In [None]:
import os
import csv
import pandas as pd
import matplotlib.pyplot as plt
import numpy as np
from scipy.stats import linregress
import requests
import json

In [None]:
#file path
#Import clean csv file
project_df_path = "Data/merge.csv"
project_df = pd.read_csv(project_df_path)
project_df.head()

In [None]:
#see dataframe column as a list
#project_df.columns.tolist()

In [None]:
#number of participating countries
project_df["Country or region_HS"].unique()

In [None]:
#suppress warning
import warnings
warnings.simplefilter("ignore")

In [None]:
#Get ranking and totals data
totals_df = project_df[['Year_HS', 'Country_SP', 'Overall rank_HS', 'Score_HS', 'SPI Rank_SP',  'Social Progress Index_SP']]

#Rename year and country columns
totals_df.rename(columns = {"Year_HS":"Year", "Country_SP":"Country"}, inplace = True)

#configure SPI ranking to not have a decimal
totals_df["SPI Rank_SP"] = totals_df["SPI Rank_SP"].astype(int)

#renaming columns to get rid of spaces
totals_df.rename(columns={"Overall rank_HS":"Rank_HS"}, inplace=True)
totals_df.rename(columns={"SPI Rank_SP":"Rank_SPI"}, inplace=True)

In [None]:
#Top Rankings of Happiness Score
#ranking_HS = totals_df.sort_values(["Year","Rank_HS"])
#ranking_HS

In [None]:
#Top Rankings of Social Progress Index
#ranking_SP = totals_df.sort_values(["Year","Rank_SPI"])
#ranking_SP

In [None]:
ranking_both_top10 = totals_df[(totals_df["Rank_HS"] <= 10) & (totals_df["Rank_SPI"] <= 10)]
#use \ (vertical bar for either condiation)
ranking_both_top10

In [None]:
ranking_HS = ranking_both_top10.sort_values(["Rank_HS"])

In [None]:
ranking_SPI = ranking_both_top10.sort_values(["Rank_SPI"])
#ranking_SPI

In [None]:
ranking_country = ranking_both_top10.sort_values(["Country"])
ranking_country

In [None]:
ranking_top10 = ranking_both_top10.groupby(["Country","Rank_HS","Rank_SPI"])
ranking_top10.count()

In [None]:
count10 = ranking_top10["Rank_SPI"].count()
count10

In [None]:
#Scatterplot all years 
x_values = ranking_both_top10["Rank_HS"]
y_values = ranking_both_top10["Rank_SPI"]

In [None]:
plt.title("Top 10 Social Progress and Happiness Rankings (2015-2019)")
plt.ylabel(" Social Progress Rank")
plt.xlabel("Happiness Rank")
plt.ylim(0,11)
plt.xlim(0,11)
plt.grid(True, linestyle="-", which="major", color="gray", alpha=0.25)

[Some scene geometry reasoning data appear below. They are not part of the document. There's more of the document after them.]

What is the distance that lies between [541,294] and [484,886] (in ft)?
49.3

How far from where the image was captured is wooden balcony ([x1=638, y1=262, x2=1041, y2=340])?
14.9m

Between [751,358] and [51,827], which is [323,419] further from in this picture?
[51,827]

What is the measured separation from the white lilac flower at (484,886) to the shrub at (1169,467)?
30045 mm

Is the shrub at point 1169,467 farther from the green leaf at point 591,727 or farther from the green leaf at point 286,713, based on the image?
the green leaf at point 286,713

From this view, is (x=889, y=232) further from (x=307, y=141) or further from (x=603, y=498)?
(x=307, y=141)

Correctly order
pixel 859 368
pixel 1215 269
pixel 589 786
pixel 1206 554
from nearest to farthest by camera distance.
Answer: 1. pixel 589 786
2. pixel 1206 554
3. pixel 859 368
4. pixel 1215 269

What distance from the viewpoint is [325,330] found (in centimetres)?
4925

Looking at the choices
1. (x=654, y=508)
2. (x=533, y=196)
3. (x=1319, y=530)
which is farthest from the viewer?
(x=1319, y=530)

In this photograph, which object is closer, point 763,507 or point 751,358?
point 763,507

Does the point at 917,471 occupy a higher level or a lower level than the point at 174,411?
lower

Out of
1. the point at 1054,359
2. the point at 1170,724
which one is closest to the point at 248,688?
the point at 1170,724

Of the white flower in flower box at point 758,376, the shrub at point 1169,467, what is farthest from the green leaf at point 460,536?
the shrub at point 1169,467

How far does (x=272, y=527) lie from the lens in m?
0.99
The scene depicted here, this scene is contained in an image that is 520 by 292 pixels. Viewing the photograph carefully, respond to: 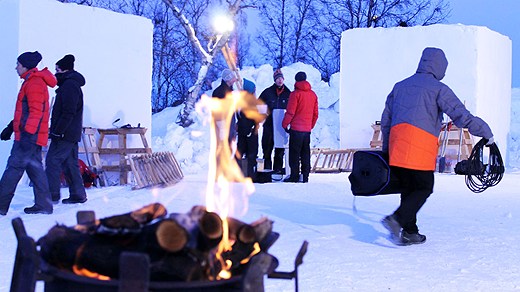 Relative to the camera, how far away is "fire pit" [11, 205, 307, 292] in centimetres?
233

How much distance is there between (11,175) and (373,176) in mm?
3807

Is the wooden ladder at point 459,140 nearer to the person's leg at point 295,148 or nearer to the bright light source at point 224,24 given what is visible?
the person's leg at point 295,148

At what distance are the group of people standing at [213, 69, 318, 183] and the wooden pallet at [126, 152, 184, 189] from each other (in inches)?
46.2

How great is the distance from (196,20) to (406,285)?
25848mm

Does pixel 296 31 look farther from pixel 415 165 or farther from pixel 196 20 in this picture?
pixel 415 165

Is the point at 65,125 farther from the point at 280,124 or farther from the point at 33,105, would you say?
the point at 280,124

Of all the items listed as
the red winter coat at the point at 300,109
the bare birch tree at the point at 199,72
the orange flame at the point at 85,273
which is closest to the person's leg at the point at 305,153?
the red winter coat at the point at 300,109

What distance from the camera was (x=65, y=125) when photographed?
7766 mm

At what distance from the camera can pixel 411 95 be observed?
5.75 meters

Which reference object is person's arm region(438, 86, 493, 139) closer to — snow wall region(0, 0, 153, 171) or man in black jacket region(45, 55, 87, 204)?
man in black jacket region(45, 55, 87, 204)

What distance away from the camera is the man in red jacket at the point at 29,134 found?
7.11m

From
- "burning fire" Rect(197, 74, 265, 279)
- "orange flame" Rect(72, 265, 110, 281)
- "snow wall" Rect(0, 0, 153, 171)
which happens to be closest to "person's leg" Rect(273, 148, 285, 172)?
"burning fire" Rect(197, 74, 265, 279)

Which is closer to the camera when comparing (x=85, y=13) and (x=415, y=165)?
(x=415, y=165)

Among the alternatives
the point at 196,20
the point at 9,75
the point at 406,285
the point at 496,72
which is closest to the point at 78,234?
the point at 406,285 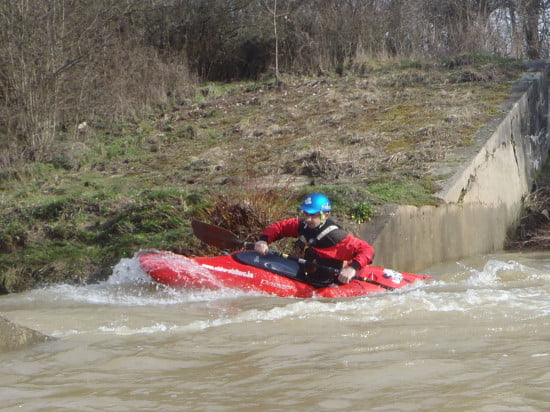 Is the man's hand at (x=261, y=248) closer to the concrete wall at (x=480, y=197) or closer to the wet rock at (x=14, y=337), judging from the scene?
the concrete wall at (x=480, y=197)

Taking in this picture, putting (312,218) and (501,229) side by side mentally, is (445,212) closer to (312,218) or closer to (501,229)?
(501,229)

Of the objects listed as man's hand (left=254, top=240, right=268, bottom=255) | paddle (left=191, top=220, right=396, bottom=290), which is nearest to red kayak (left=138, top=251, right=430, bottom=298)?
man's hand (left=254, top=240, right=268, bottom=255)

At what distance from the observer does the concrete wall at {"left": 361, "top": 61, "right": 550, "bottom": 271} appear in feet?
34.8

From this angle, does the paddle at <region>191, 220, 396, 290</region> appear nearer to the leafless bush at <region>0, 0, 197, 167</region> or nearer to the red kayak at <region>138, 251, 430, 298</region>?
the red kayak at <region>138, 251, 430, 298</region>

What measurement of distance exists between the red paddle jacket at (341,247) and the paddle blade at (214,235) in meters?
0.54

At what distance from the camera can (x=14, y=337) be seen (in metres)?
5.31

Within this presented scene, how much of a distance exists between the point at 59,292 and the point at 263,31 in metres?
14.6

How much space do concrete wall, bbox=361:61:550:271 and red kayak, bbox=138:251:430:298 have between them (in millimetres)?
1705

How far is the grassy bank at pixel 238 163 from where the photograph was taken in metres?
10.3

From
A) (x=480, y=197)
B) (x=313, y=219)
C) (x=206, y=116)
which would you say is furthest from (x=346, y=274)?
(x=206, y=116)

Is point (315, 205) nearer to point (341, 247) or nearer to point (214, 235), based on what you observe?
point (341, 247)

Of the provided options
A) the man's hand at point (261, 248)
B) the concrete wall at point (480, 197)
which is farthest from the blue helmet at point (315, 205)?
the concrete wall at point (480, 197)

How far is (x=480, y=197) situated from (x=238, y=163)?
14.7 feet

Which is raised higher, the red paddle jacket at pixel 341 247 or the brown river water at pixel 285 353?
the red paddle jacket at pixel 341 247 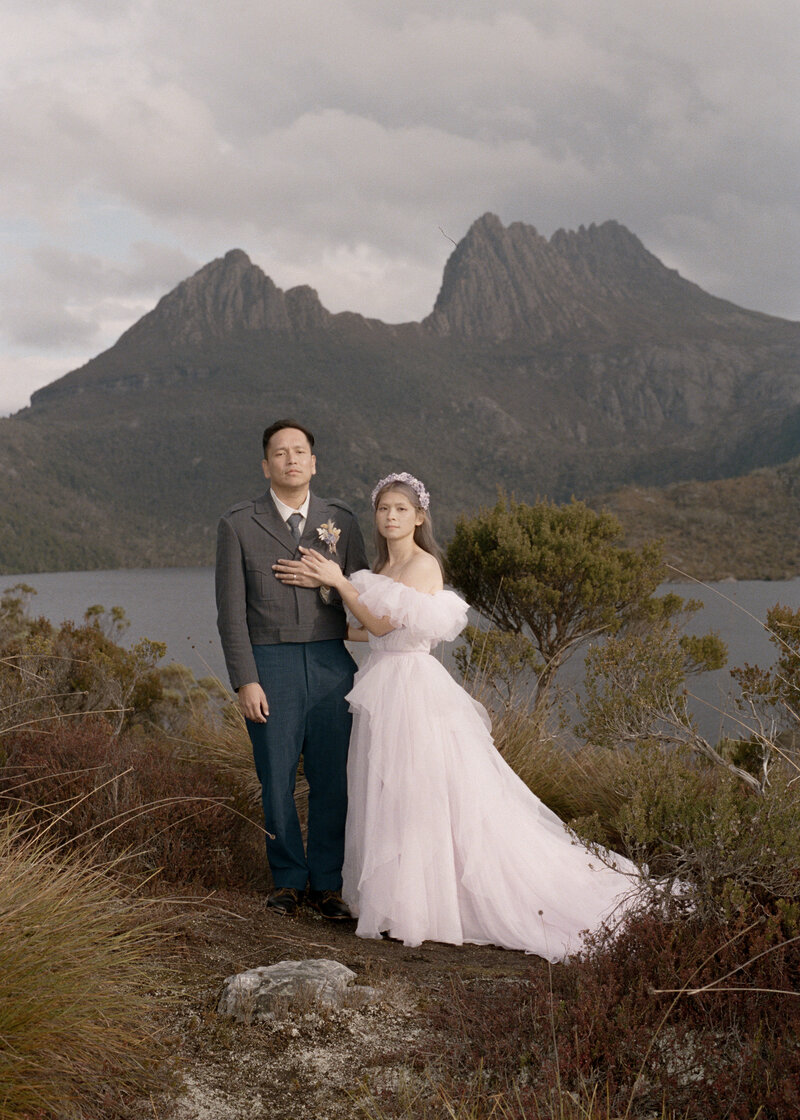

plt.scatter(x_values, y_values, color="black", marker="o")
plt.show()


In [None]:
#plot_country = ranking_country["Country"].to_list()
#plot_HS_rank = ranking_country["Rank_HS"].to_list()
#plot_SPI_rank = ranking_country["Rank_SPI"].to_list()
#plot_HS_rank
#plot_SPI_rank
#plot_country

In [None]:
#Create variable for list of ranking data
plot_HS_rank = ranking_country["Rank_HS"].to_list()

plot_SPI_rank = ranking_country["Rank_SPI"].to_list()

country = ranking_country["Country"].to_list()


In [None]:
#Create variable to add and inverse the rankings so the smallest number for the ranking displays a larger dot using list comprehension.
#https://www.geeksforgeeks.org/python-adding-two-list-elements/
#display_dot = [plot_HS_rank[i] + plot_SPI_rank[i] for i in range(len(plot_HS_rank))]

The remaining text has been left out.